── Data shown ──

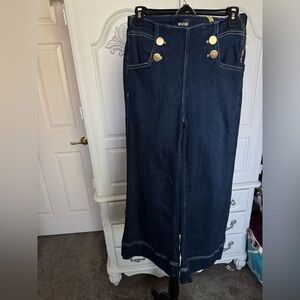 Maeve Dark Indigo Wide Leg Sailor Jeans with Gold Buttons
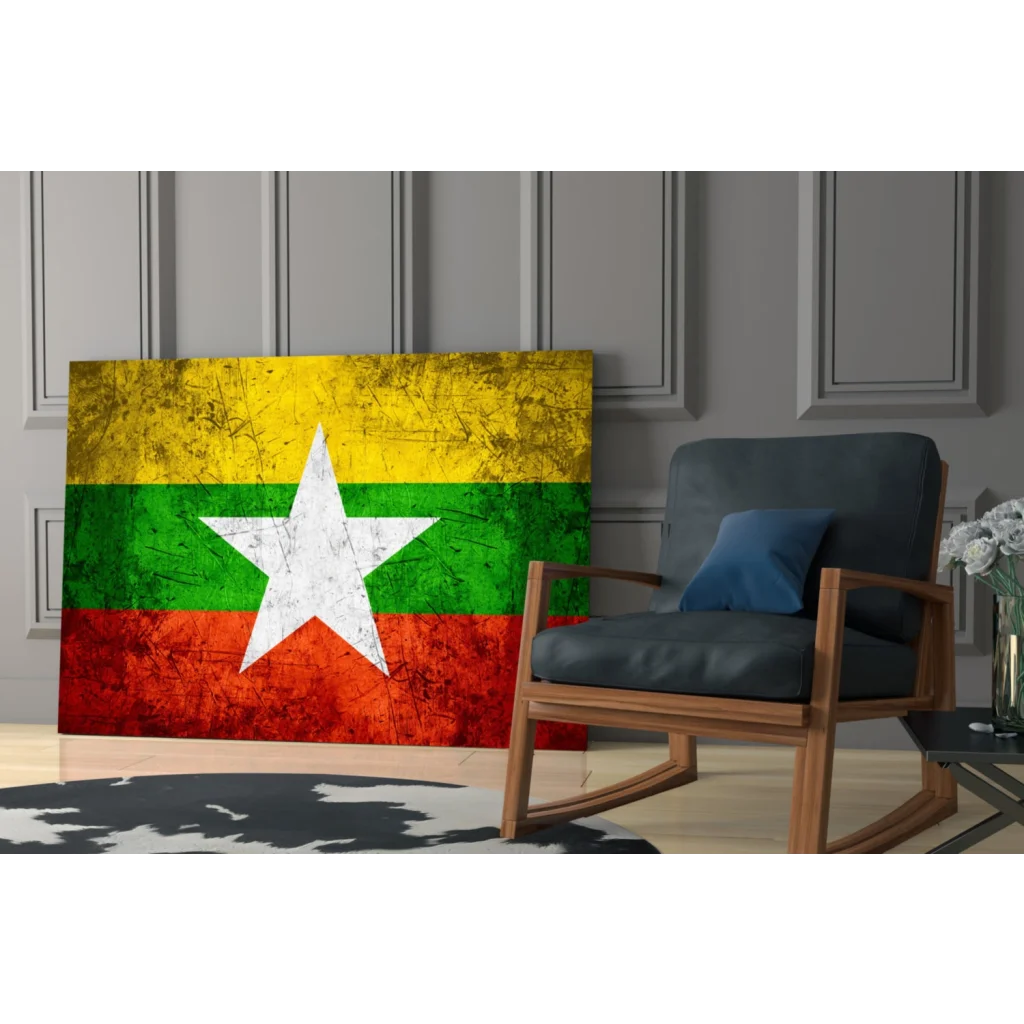 Distressed Myanmar flag canvas wall art with vibrant weathered texture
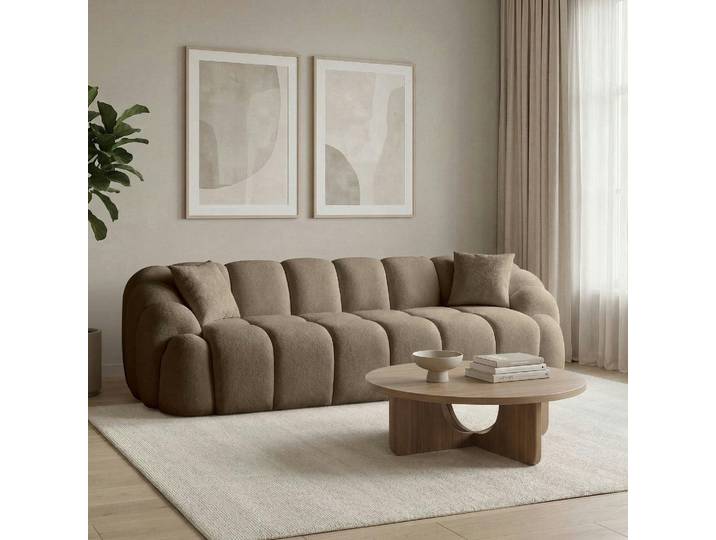 Canapé 4 places en tissu, design arrondi ONDA - Taupe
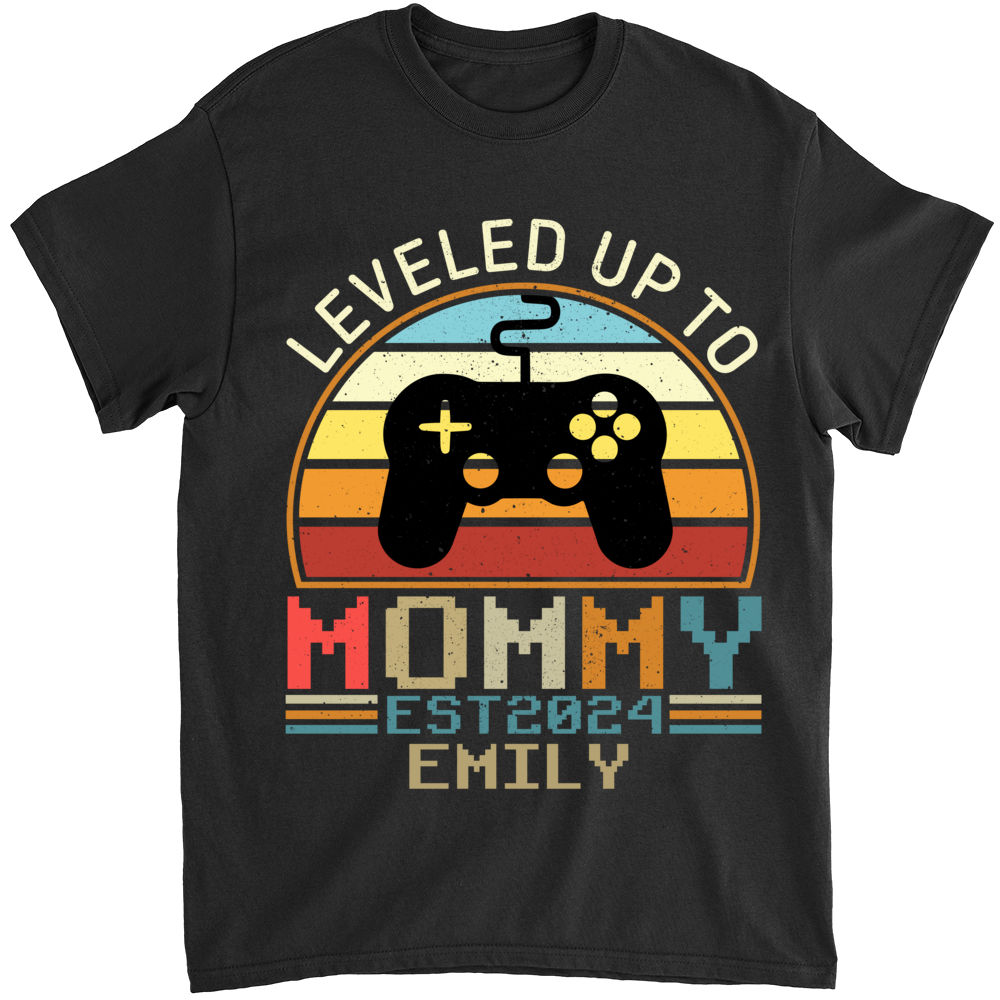 Personalized Shirt - Mother's Day Gifts - Leveled Up To Mommy - New Mom Gifts - Gifts For Mom - Mother's Day Shirts_3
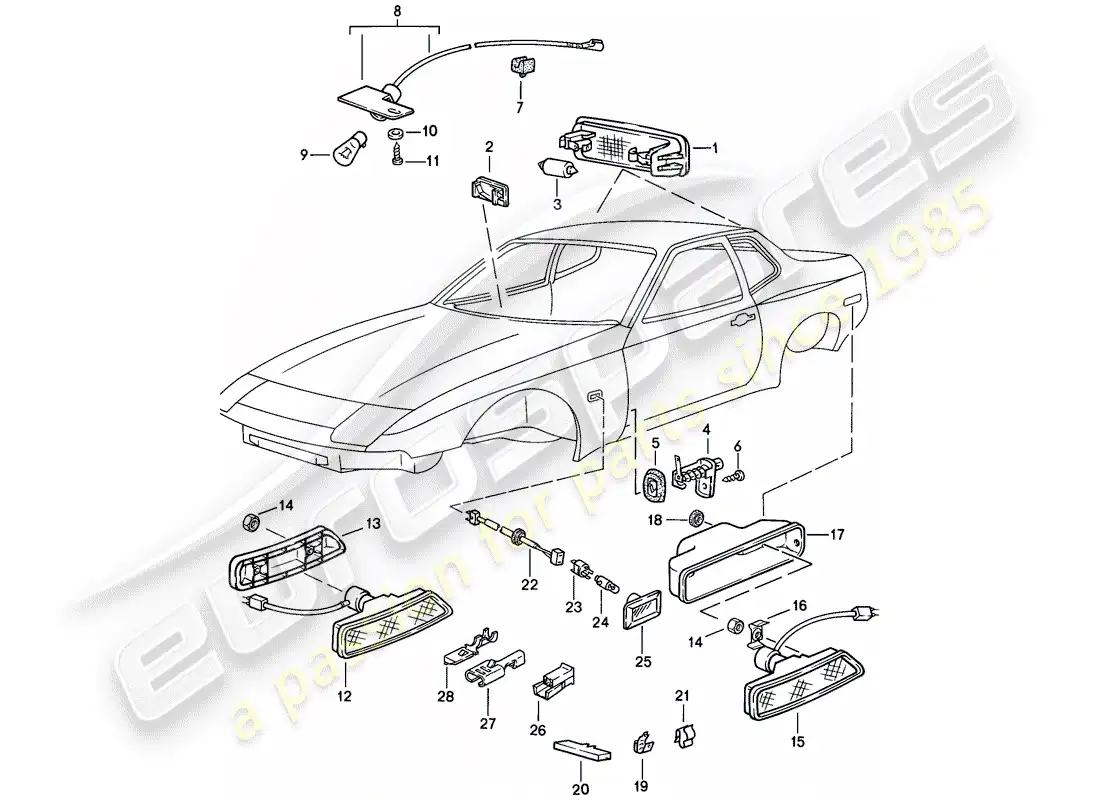 porsche 1988 (944) interior light - turn signal repeater parts diagram
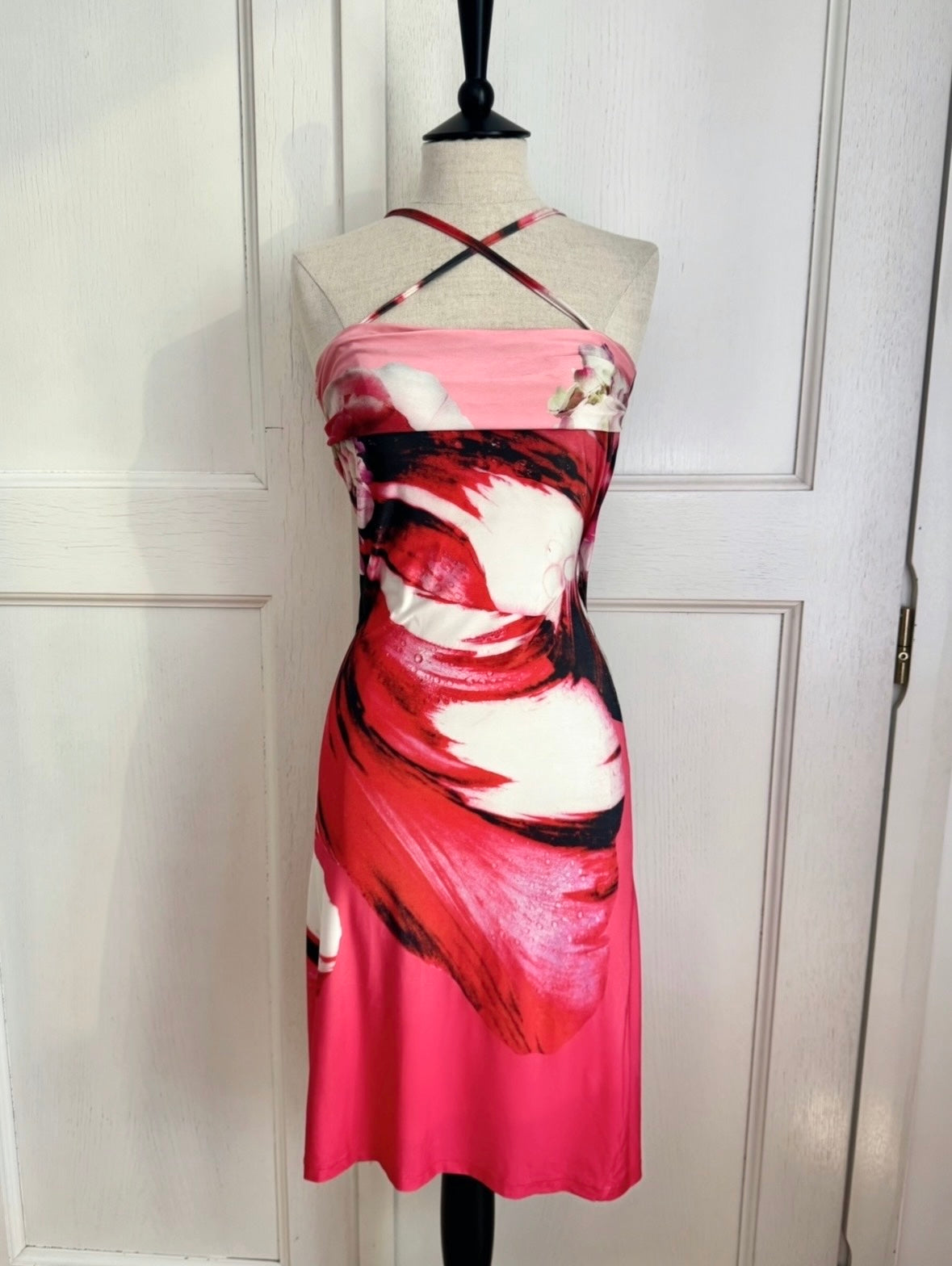 Roberto Cavalli Floral Waterdrops S/S 2000 Miss Universe Cross Neckline Dress (S-XS)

───

Goal of the exercise:
Without changing a word, retype the data above and omit its pictures.

Response for this exercise:
 Maeve Dark Indigo Wide Leg Sailor Jeans with Gold Buttons
 Distressed Myanmar flag canvas wall art with vibrant weathered texture
 Canapé 4 places en tissu, design arrondi ONDA - Taupe
 Personalized Shirt - Mother's Day Gifts - Leveled Up To Mommy - New Mom Gifts - Gifts For Mom - Mother's Day Shirts_3
 porsche 1988 (944) interior light - turn signal repeater parts diagram
 Roberto Cavalli Floral Waterdrops S/S 2000 Miss Universe Cross Neckline Dress (S-XS)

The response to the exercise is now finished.